Assignment: Within the data that follows, set down exactly the lines from the one containing "Sea to Summit" through the one containing "Sealey RBHSS50S 50mm", both ends included.

Record excerpts:
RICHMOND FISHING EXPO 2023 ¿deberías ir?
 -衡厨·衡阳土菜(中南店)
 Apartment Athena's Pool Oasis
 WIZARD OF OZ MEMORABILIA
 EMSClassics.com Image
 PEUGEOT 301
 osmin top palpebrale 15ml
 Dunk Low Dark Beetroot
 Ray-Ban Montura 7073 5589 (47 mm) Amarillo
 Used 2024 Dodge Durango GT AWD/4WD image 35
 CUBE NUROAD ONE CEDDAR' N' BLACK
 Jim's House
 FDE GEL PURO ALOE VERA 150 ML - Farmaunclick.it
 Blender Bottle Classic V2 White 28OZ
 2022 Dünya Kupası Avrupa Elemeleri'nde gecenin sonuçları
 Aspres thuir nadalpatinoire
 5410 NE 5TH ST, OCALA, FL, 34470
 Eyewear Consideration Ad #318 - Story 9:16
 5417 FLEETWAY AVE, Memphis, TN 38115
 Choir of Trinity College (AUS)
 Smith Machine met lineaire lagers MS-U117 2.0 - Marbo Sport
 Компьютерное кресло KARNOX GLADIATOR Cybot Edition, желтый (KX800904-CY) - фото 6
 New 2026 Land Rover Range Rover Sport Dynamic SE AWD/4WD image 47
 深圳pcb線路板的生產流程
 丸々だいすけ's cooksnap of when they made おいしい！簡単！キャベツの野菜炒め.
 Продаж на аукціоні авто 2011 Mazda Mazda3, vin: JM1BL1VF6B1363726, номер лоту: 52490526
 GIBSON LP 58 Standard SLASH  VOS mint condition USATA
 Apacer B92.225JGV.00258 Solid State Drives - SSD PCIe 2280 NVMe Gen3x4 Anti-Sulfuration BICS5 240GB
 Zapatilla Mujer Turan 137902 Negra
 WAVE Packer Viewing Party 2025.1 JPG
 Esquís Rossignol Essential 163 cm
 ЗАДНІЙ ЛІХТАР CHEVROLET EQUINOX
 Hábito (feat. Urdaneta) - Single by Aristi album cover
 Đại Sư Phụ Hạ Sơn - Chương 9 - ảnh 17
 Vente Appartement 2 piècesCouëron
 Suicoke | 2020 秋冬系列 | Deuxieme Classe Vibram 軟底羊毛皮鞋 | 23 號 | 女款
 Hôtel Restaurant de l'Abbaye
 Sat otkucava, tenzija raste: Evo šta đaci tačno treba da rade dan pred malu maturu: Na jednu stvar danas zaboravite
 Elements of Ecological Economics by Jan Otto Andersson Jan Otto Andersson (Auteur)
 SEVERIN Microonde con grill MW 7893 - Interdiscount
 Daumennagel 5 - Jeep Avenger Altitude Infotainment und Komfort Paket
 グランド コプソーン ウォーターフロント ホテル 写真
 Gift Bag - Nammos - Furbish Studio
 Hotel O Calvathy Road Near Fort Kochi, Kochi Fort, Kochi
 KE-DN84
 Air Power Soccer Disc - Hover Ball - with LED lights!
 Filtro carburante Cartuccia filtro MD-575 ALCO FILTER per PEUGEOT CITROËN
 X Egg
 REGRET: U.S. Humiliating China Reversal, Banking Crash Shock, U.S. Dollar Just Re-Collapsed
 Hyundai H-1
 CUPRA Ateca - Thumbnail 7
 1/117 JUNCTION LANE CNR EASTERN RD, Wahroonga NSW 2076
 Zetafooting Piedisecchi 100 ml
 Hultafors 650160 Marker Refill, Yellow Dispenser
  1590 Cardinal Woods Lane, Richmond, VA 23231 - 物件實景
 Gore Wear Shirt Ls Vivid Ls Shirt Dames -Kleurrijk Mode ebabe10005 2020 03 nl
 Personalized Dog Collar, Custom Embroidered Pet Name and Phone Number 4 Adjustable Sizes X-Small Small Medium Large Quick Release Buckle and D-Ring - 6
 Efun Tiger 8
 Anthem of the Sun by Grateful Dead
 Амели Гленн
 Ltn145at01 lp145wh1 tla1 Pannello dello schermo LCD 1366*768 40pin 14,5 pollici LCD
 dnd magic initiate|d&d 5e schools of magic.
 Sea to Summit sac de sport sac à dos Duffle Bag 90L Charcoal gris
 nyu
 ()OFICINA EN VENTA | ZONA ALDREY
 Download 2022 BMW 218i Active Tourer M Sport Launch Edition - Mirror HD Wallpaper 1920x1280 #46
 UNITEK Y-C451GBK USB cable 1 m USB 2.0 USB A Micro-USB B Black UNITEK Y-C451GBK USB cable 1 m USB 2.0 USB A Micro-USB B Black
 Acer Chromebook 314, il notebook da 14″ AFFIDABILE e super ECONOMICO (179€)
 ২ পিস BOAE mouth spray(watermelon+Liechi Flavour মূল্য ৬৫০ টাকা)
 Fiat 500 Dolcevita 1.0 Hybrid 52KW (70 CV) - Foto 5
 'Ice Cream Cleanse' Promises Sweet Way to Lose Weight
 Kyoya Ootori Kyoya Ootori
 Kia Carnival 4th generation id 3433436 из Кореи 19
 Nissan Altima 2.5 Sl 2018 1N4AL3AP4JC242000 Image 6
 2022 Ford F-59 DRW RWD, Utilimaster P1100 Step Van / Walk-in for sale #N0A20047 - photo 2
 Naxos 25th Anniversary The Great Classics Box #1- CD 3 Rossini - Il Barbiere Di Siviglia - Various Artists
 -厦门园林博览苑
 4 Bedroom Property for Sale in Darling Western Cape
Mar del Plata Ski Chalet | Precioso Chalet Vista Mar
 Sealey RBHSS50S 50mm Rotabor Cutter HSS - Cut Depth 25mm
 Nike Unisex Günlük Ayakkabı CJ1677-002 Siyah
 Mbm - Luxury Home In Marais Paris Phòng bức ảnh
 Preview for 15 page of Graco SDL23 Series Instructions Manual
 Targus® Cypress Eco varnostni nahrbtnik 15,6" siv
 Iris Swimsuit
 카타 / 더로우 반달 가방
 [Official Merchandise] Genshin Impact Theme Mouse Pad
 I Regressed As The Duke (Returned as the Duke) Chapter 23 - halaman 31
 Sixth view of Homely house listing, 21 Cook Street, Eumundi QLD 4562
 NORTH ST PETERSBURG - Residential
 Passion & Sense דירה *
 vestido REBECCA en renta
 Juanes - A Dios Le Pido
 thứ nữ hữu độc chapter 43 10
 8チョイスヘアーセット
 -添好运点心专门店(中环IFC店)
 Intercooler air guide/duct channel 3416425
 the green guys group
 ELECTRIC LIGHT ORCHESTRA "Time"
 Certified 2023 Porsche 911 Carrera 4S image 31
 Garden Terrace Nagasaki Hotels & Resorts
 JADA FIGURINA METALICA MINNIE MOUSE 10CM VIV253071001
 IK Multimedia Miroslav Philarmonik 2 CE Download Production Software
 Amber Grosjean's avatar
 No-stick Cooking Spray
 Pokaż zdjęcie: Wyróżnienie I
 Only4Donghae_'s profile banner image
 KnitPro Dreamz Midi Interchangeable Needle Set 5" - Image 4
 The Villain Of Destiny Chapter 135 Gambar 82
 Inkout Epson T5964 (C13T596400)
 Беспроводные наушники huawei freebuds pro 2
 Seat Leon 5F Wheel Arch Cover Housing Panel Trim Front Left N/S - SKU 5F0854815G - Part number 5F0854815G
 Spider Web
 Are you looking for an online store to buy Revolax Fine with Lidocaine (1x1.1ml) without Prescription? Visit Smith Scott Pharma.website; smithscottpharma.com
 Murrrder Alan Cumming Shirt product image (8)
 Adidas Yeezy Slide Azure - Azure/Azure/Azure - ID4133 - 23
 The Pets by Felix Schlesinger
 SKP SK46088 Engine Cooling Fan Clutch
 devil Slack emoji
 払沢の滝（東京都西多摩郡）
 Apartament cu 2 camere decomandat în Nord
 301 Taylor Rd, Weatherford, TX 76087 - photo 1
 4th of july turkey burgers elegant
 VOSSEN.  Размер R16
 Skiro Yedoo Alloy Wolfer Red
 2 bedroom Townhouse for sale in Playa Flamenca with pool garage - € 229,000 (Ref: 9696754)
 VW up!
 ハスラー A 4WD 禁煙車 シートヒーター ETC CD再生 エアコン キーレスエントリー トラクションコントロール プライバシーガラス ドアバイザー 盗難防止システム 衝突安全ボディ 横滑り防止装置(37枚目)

Answer below:
 Sea to Summit sac de sport sac à dos Duffle Bag 90L Charcoal gris
 nyu
 ()OFICINA EN VENTA | ZONA ALDREY
 Download 2022 BMW 218i Active Tourer M Sport Launch Edition - Mirror HD Wallpaper 1920x1280 #46
 UNITEK Y-C451GBK USB cable 1 m USB 2.0 USB A Micro-USB B Black UNITEK Y-C451GBK USB cable 1 m USB 2.0 USB A Micro-USB B Black
 Acer Chromebook 314, il notebook da 14″ AFFIDABILE e super ECONOMICO (179€)
 ২ পিস BOAE mouth spray(watermelon+Liechi Flavour মূল্য ৬৫০ টাকা)
 Fiat 500 Dolcevita 1.0 Hybrid 52KW (70 CV) - Foto 5
 'Ice Cream Cleanse' Promises Sweet Way to Lose Weight
 Kyoya Ootori Kyoya Ootori
 Kia Carnival 4th generation id 3433436 из Кореи 19
 Nissan Altima 2.5 Sl 2018 1N4AL3AP4JC242000 Image 6
 2022 Ford F-59 DRW RWD, Utilimaster P1100 Step Van / Walk-in for sale #N0A20047 - photo 2
 Naxos 25th Anniversary The Great Classics Box #1- CD 3 Rossini - Il Barbiere Di Siviglia - Various Artists
 -厦门园林博览苑
 4 Bedroom Property for Sale in Darling Western Cape
Mar del Plata Ski Chalet | Precioso Chalet Vista Mar
 Sealey RBHSS50S 50mm Rotabor Cutter HSS - Cut Depth 25mm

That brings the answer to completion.